IN 1930, as the world teetered on the edge of an economic depression, Edith Marsh published “A History of the County of Grey.” One of the earliest and best accounts of Grey, it makes for interesting reading now, some eighty years later.
Grey County at the beginning of the late 1930s was a busy place, dominated by farming but still having a solid industrial base. The diary industry in the county alone was carried on by 3,050 farmers who supplies milk, cream, and butter to a value of over one million dollars. Sheep and hogs, once prey to bears and wolves in Grey’s early years, had reached a value of thirteen million dollars while Grey County’s horses were worth well over five million.
Sixteen thousand acres of apple tress grew in Grey, mostly in the Beaver Valley where Northern Spies, Baldwins and Snow apples dominated. The county was also famous for its honey industry with tons of the sweet substance being sent every year to Great Britain, France and other European countries.
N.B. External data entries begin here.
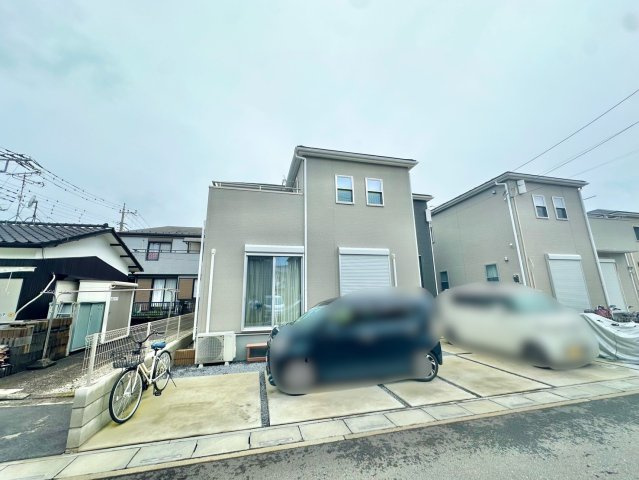 令和5年8月築の中古戸建です。カースペース2台可能な4LDKの建物になります。前面道路も6ｍあり駐車もラクラクです。是非、現地ご覧ください♪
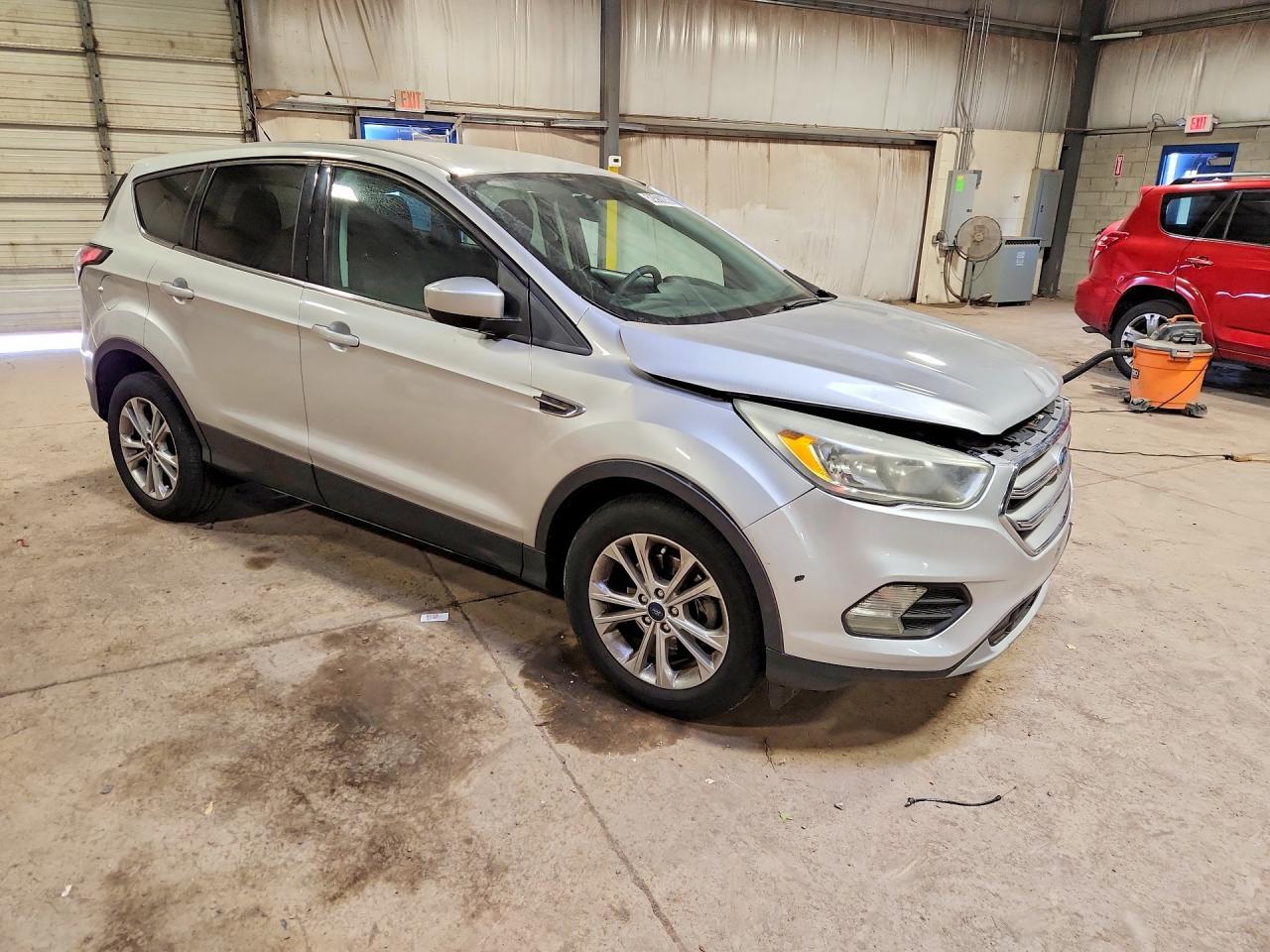 2017 Ford Escape Se - Фото 4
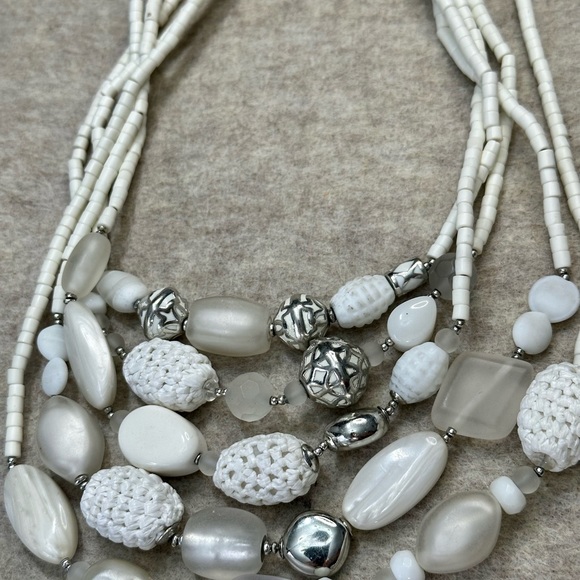 Chicos, necklace to white and silver, multi strand necklace, unique and stunning - Picture 8 of 13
By the beginning of the 1930s, Grey was home to nearly 15,000 automobiles that ran over smoothly surfaced roadways. And although the pioneer sawmill and flourmill were vanishing with the times, there were in Grey some 91 factories with a combined payroll of two and a half million dollars.
In 1930, seventy five percent of Grey County residents owned their own homes or farms. With the furniture industry flourishing, the county workforce was free of labour troubles. Still, there were bad years ahead but, Grey County, Edith Marsh claims, went on its relatively serene course, one that would get Grey through the worst of the Great Depression.